**Task to carry out**. Each record, word for word and stripped of pictures, is what the answer should contain.

**Input material**.

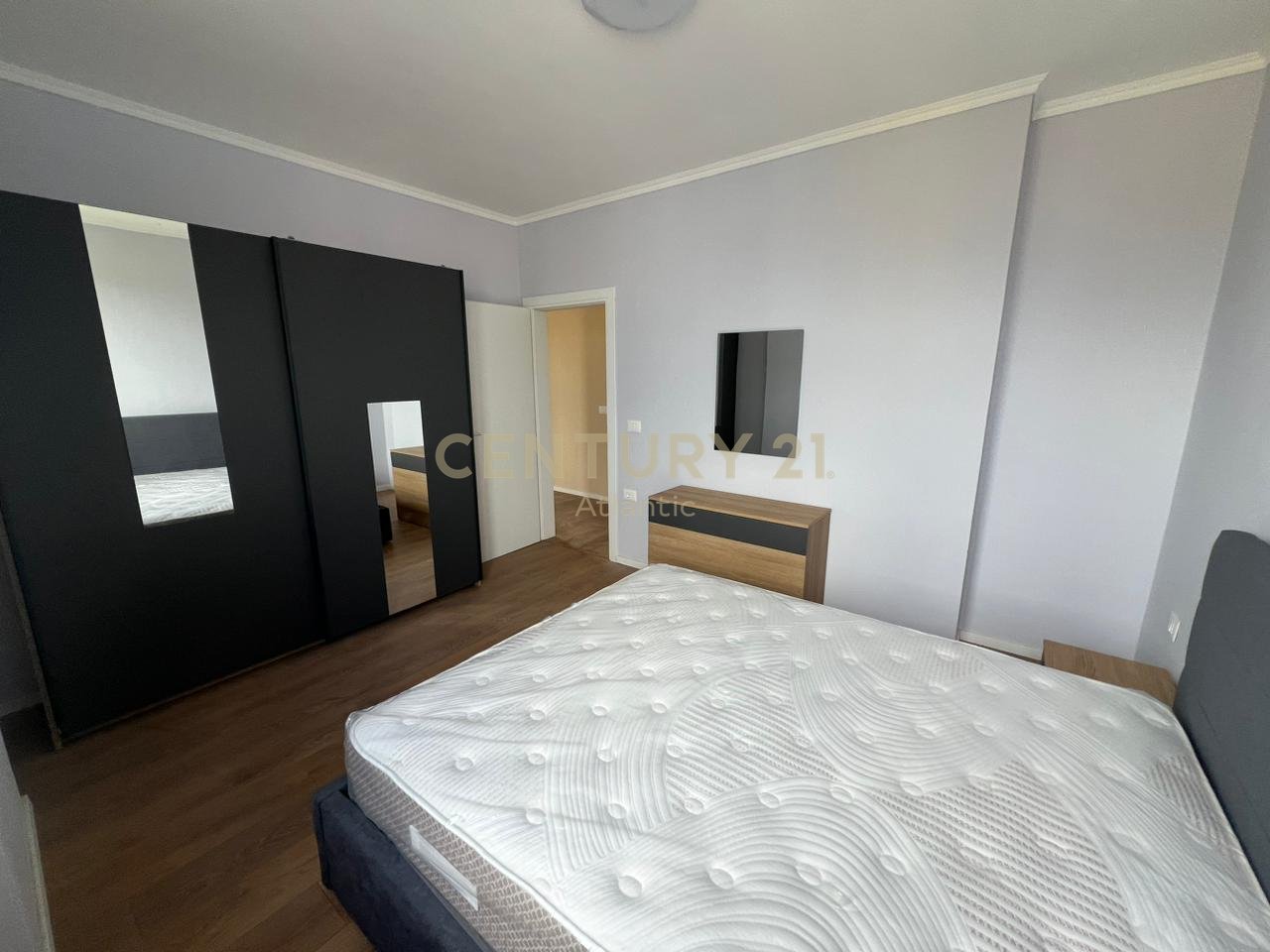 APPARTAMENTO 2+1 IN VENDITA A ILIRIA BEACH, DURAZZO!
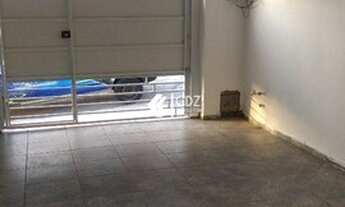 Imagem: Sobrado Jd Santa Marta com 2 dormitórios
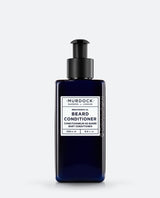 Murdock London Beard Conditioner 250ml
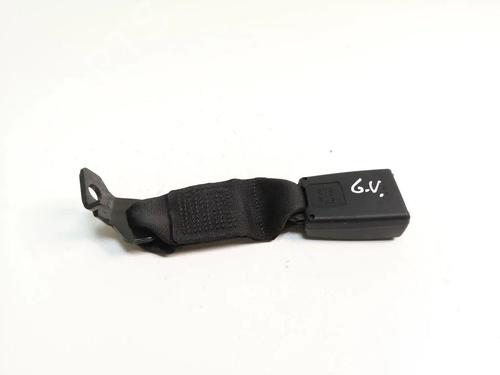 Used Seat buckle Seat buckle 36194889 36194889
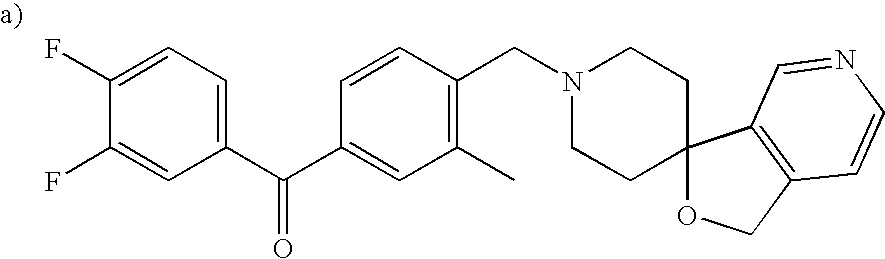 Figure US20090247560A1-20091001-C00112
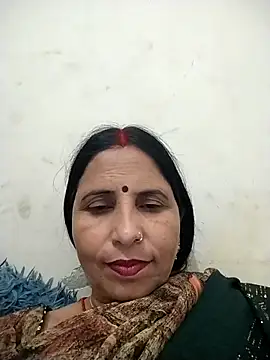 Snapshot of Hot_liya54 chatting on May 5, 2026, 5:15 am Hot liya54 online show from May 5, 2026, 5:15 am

**Reply**.
 APPARTAMENTO 2+1 IN VENDITA A ILIRIA BEACH, DURAZZO!
 Imagem: Sobrado Jd Santa Marta com 2 dormitórios
 Murdock London Beard Conditioner 250ml
 Used Seat buckle Seat buckle 36194889 36194889
 Figure US20090247560A1-20091001-C00112
 Snapshot of Hot_liya54 chatting on May 5, 2026, 5:15 am Hot liya54 online show from May 5, 2026, 5:15 am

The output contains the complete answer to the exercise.